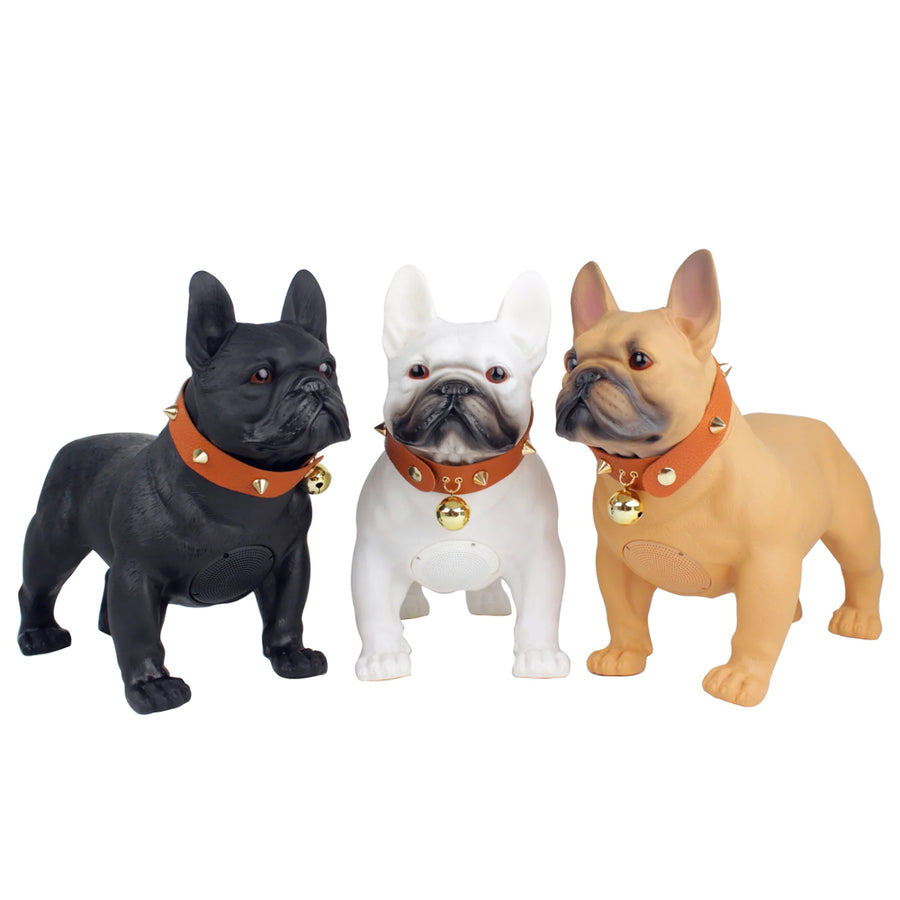 MaxPower Wooof Portable Bluetooth 13" Pug Style Speaker with Mic - White - MD568-WH-6.jpg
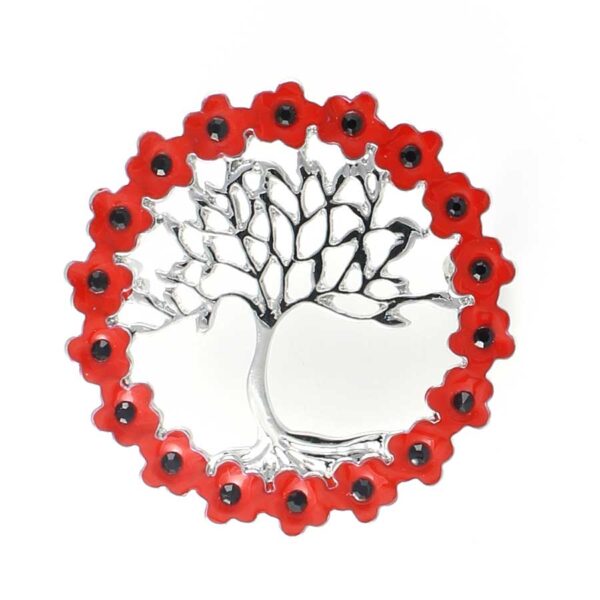 Tree of Life in poppy wreath 30mm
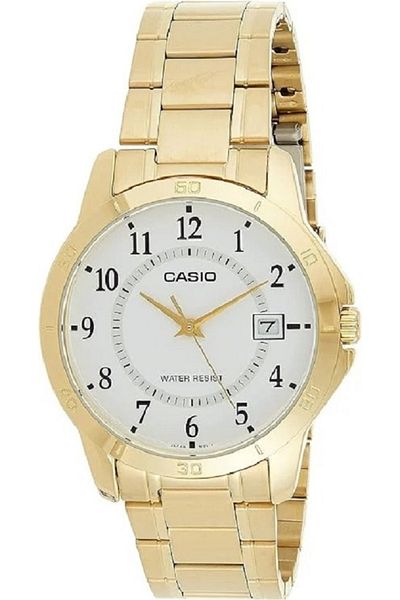 Casio Men's MTPV004G-9B Gold Stainless-Steel Quartz Watch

- _TASK PROMPT_
Please copy the lines above exactly as written, apart from any pictures.

- _EXPECTED ANSWER_
 MaxPower Wooof Portable Bluetooth 13" Pug Style Speaker with Mic - White - MD568-WH-6.jpg
 Tree of Life in poppy wreath 30mm
 Casio Men's MTPV004G-9B Gold Stainless-Steel Quartz Watch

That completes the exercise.